╭─ Data shown

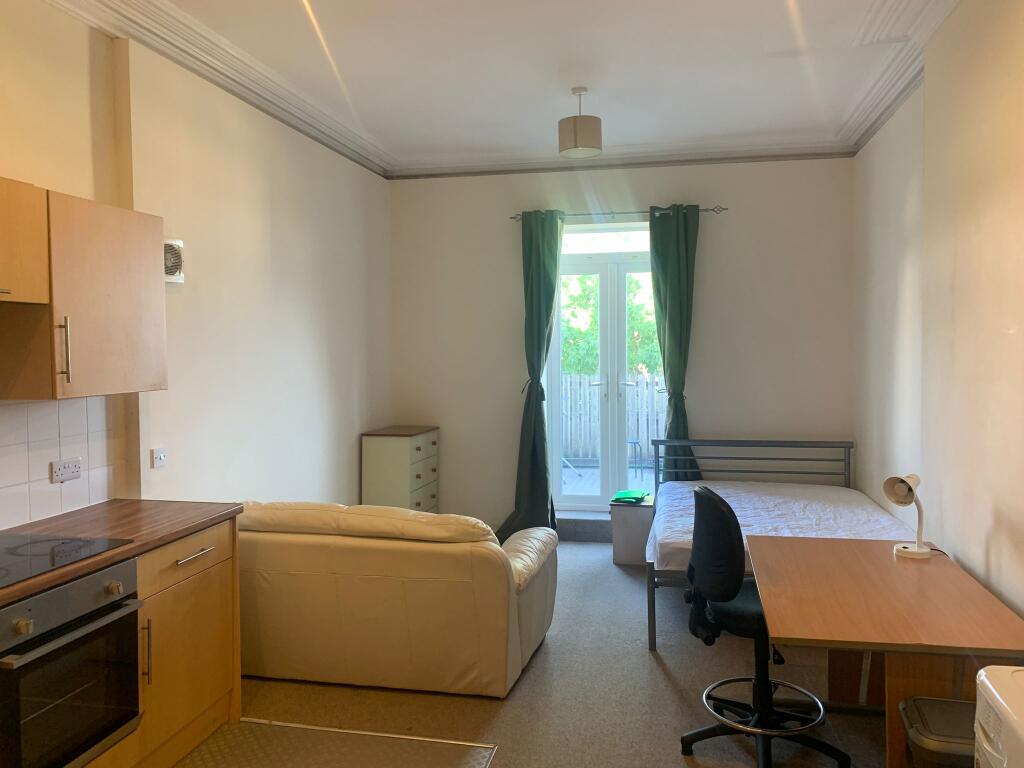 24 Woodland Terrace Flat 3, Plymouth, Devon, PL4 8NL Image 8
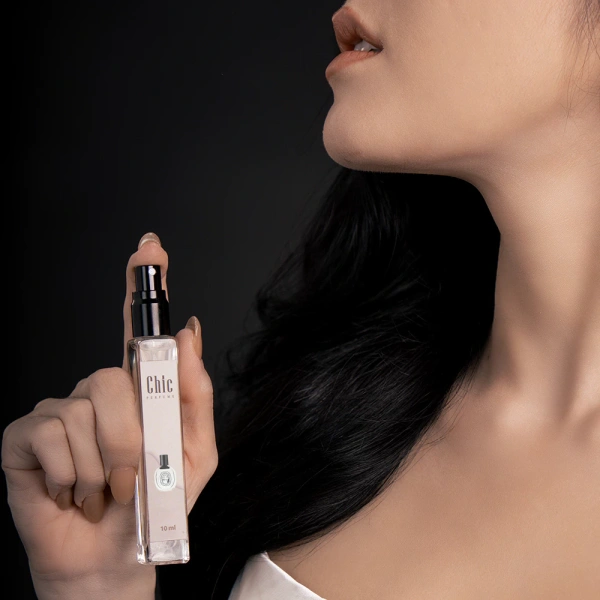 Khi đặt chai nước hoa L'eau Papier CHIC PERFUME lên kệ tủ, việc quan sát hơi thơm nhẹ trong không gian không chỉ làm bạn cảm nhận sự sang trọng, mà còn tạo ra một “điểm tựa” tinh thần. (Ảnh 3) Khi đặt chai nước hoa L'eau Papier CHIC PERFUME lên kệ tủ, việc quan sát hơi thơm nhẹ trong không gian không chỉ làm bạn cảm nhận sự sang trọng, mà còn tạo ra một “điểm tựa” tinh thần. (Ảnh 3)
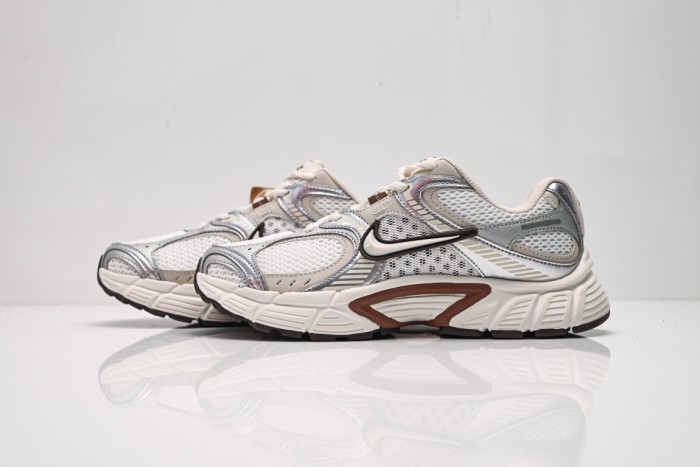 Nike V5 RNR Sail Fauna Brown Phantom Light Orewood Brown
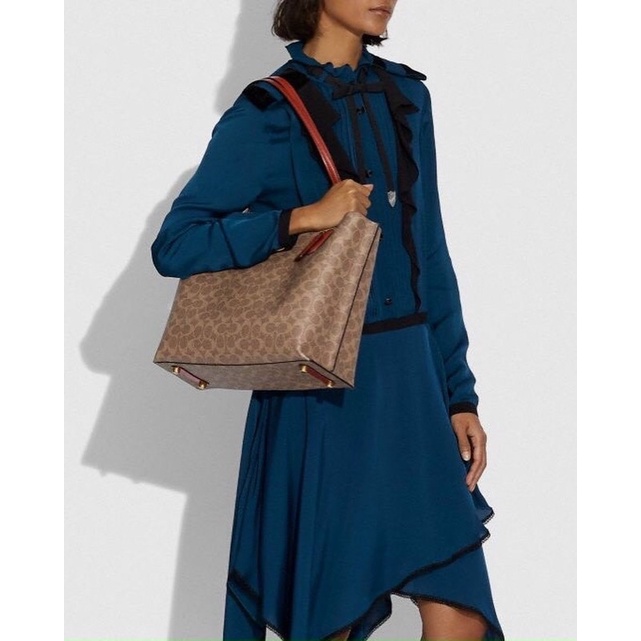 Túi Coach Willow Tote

╰─

> _What is being asked_
Print the full listing above again with exact wording and no images.

> _The completed task_
 24 Woodland Terrace Flat 3, Plymouth, Devon, PL4 8NL Image 8
 Khi đặt chai nước hoa L'eau Papier CHIC PERFUME lên kệ tủ, việc quan sát hơi thơm nhẹ trong không gian không chỉ làm bạn cảm nhận sự sang trọng, mà còn tạo ra một “điểm tựa” tinh thần. (Ảnh 3) Khi đặt chai nước hoa L'eau Papier CHIC PERFUME lên kệ tủ, việc quan sát hơi thơm nhẹ trong không gian không chỉ làm bạn cảm nhận sự sang trọng, mà còn tạo ra một “điểm tựa” tinh thần. (Ảnh 3)
 Nike V5 RNR Sail Fauna Brown Phantom Light Orewood Brown
 Túi Coach Willow Tote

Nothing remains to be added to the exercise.